• _WORK INSTRUCTIONS_:
Skipping all pictures, print exactly the lines below from the one with "X-Gamer X-Zero Fruit" through the final line.

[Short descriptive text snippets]
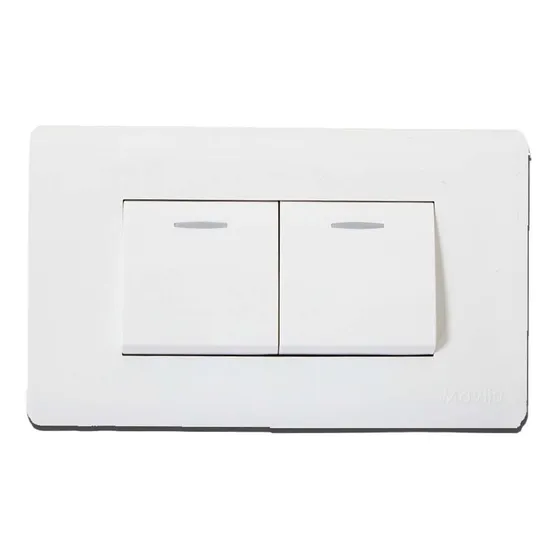 Interruptor 2 Modulo Blanco Pickens 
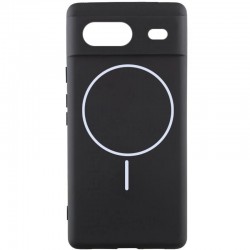 Чохол Silicone Cover Lakshmi Full Camera (AA) with MagFit для Google Pixel 7  Чорний / Black - 00000078219_4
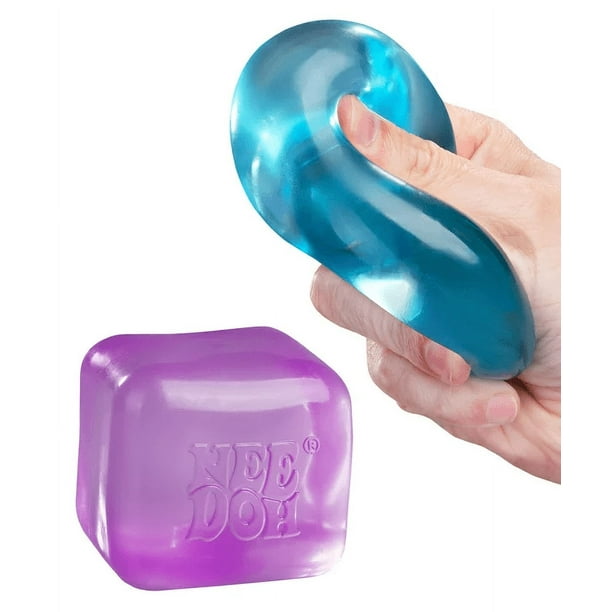6 Pack Nee Doh Nice Cube - Stress Relief for Preschool Classroom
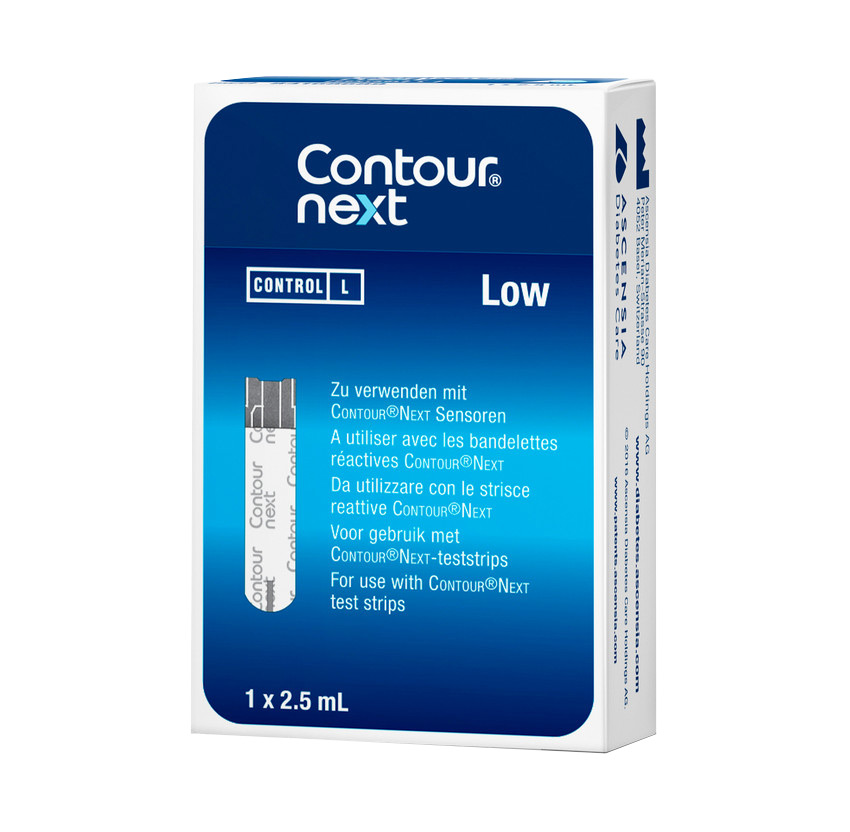 Contour® next Kontroll-Lösung, niedrig 2,5 mL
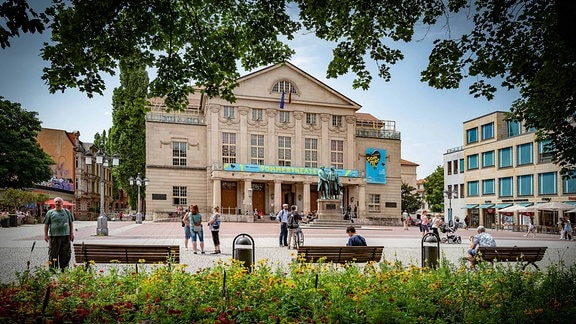 Theaterplatz in Weimar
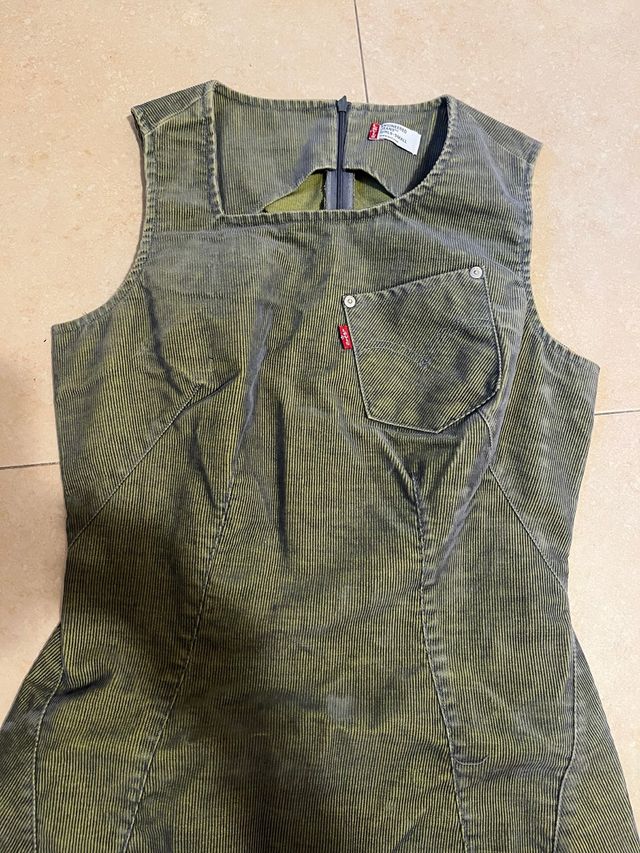 Vestido Levi's Pana Verde Talla S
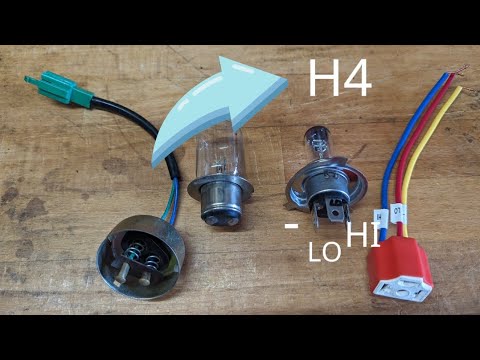 H4 Birne Umrüstung und Belegung
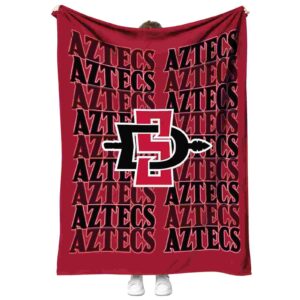 san diego state aztecs fan pride red blanket best selling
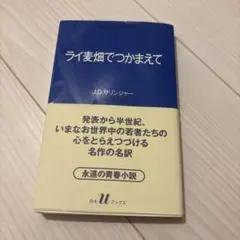 ライ麦畑でつかまえて J.D.サリンジャー 野崎孝訳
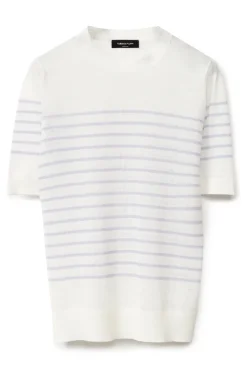 Striped Short Sleeve Sweater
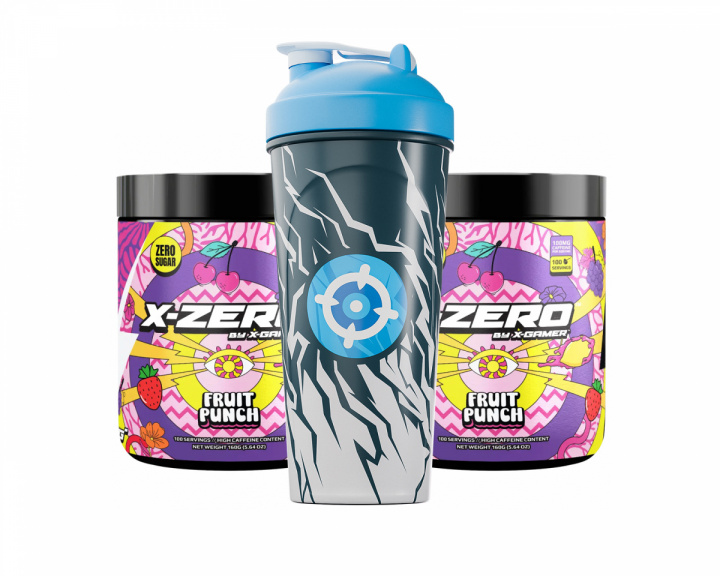 X-Gamer X-Zero Fruit Punch - 2 x 100 Servings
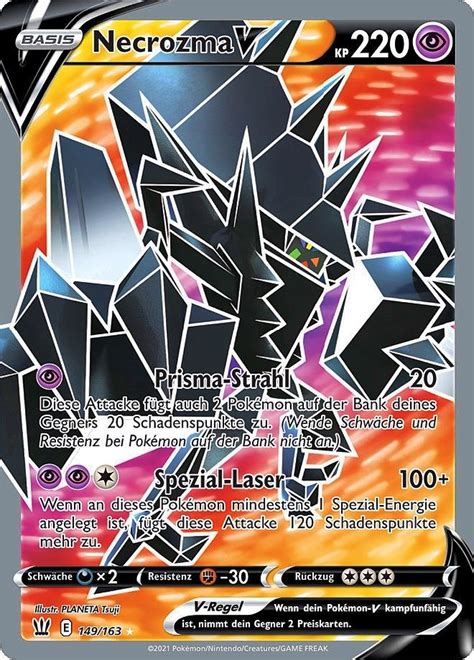 Bestelle Jetzt Necrozma V 149 163 Kampfstile Ultra Rare Full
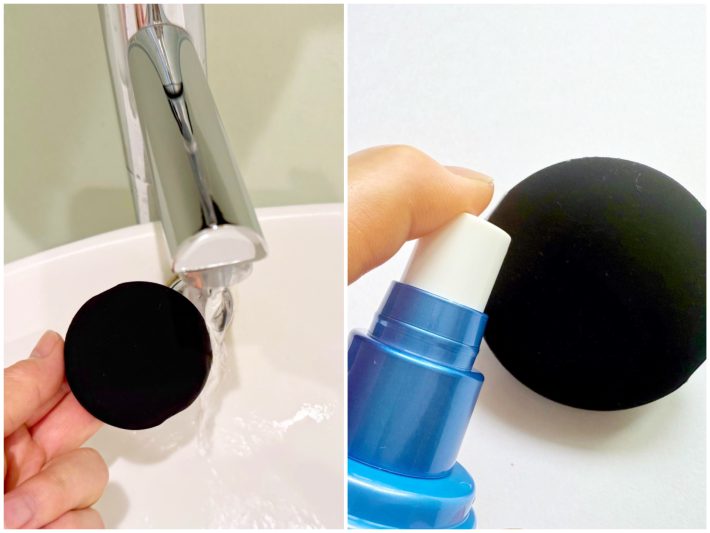 やってはいけないベースメイク3、ファンデーションは乾いたスポンジでつけるものと思い込んでいる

• _RESPONSE_:
 X-Gamer X-Zero Fruit Punch - 2 x 100 Servings
 Bestelle Jetzt Necrozma V 149 163 Kampfstile Ultra Rare Full
 やってはいけないベースメイク3、ファンデーションは乾いたスポンジでつけるものと思い込んでいる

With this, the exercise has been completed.